Profiling one of my programs, I found some surprising things in gtobssim.

I am using ScienceTools-LATEST-1-4066, build x86_64-64bit-gcc47-Optimized.

Execution time

I am simulating a single point source, with this xml file:

<source_library title="Library">
  <source flux="0.667283950775" name="bn131231198">
    <spectrum escale="MeV">
    <particle name="gamma">
      <power_law emax="200000.0" emin="15.0" gamma="2.0" />
    </particle>
    <celestial_dir dec="-2.42" ra="10.11" />
    </spectrum>
  </source>
</source_library>

This is the command line I am using:

gtobssim infile=sim_model.xml srclist=source_list.txt scfile=/home/giacomov/FermiData/bn131231198/gll_ft2_tr_bn131231198_v00.fit evroot=boost simtime=100000 ltfrac=1 tstart=410157919.083 nevents=no maxtime=3.155e8 use_ac=no emin=30 emax=100000 edisp=no irfs=P8_SOURCE_V4 maxrows=100000 seed=653786

These are the execution times with the flux as reported above, and then "boost" times that value:

BoostExecution time (s)
14.438
26.176
1020.802
5092.315
100197.873

This shows that the algorithm is essentially linearly dependent on the number of events (the inflection between 50 and 100 might be due to memory management, or just noise):

Profiling

I used this command to profile the execution:

valgrind --tool=callgrind gtobssim infile=sim_model.xml srclist=source_list.txt scfile=/home/giacomov/FermiData/bn131231198/gll_ft2_tr_bn131231198_v00.fit evroot=boost simtime=100000 ltfrac=1 tstart=410157919.083 nevents=no maxtime=3.155e8 use_ac=no emin=30 emax=100000 edisp=no irfs=P8_SOURCE_V4 maxrows=100000 seed=653786

and then the tool kcachegrind to produce this plot:

 

I am puzzled by the fact that 50 % of the time is spent in the FluxSource::fullTitle() function, which afaik should only return the full name of the source.
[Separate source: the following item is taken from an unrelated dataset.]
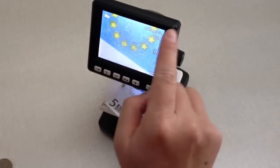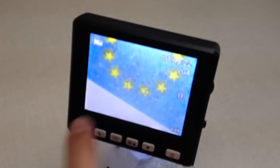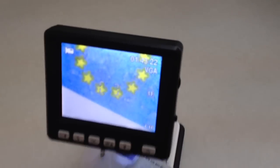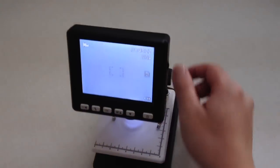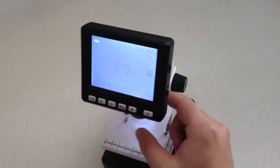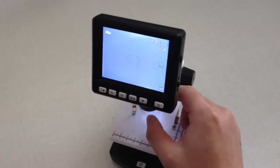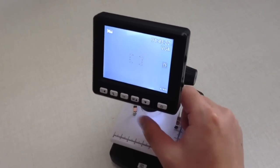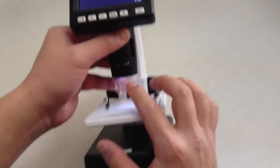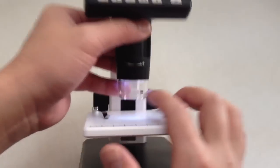This is a 3.5 inch TFT screen with high resolution and a real 5 megapixel camera sensor.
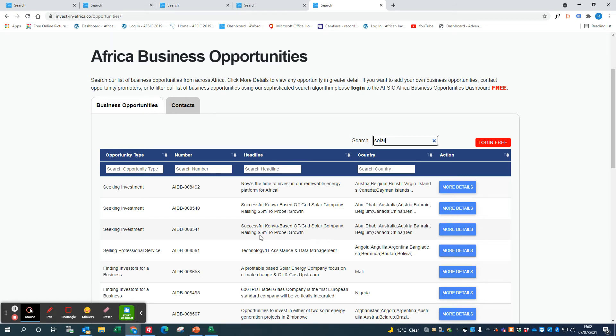That's how to use the search facility on the Invest in Africa website. To get more filtered results, do log in to the Africa Business Opportunities dashboard. Okay, thank you.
The relevant piece of code which calls fullTitle is in observationSim/src/Simulator.cxx:

void Simulator::makeEvents(EventContainer &events, 
                           ScDataContainer &scData, 
                           std::vector<irfInterface::Irfs *> &respPtrs, 
                           Spacecraft *spacecraft,
                           bool useSimTime) {
   m_useSimTime = useSimTime;
   m_elapsedTime = 0.;
// Loop over event generation steps until done.
   while (!done()) {

         ...
         
         std::string name = m_newEvent->fullTitle();
         if (name.find("TimeTick") != std::string::npos) {
            if (!m_usePointingHistory) {
               scData.addScData(m_newEvent, spacecraft);
            }
         } else {
            if (events.addEvent(m_newEvent, respPtrs, spacecraft)) {
               m_numEvents++;
            }
         }

    ...

   } // while (!done())
}

This is essentially only checking if the name contains "TimeTick", because in that case it has to generate a new piece of simulated FT2 file. In my case I am using a real FT2 file, so the check is false. Now, as a quick-and-dirty fix, just by substituting that line with:

  while (!done()) {

         ...
         
         //std::string name = m_newEvent->fullTitle();
         
         std::string name = "just a source";
         
         if (name.find("TimeTick") != std::string::npos) {
            if (!m_usePointingHistory) {
               scData.addScData(m_newEvent, spacecraft);
            }
         } else {
            if (events.addEvent(m_newEvent, respPtrs, spacecraft)) {
               m_numEvents++;
            }
         }

    ...

   } // while (!done())

I reduce the execution time to ~1/3 of what it used to be:

BoostExecution time (s)Old execution time (s)
107.63620.802
5028.37592.315
10053.868197.873

An easy fix would be to cache the name of the source in the FluxSource class, so that it is only computed once.

  • No labels

8 Comments

  1. That implementation in FluxSource is awful and surprisingly convoluted.  Of course, the fix is not to modify anything in the observationSim package, but to put a sensible implementation of FluxSource::fullTitle() in the flux package along the lines you suggest.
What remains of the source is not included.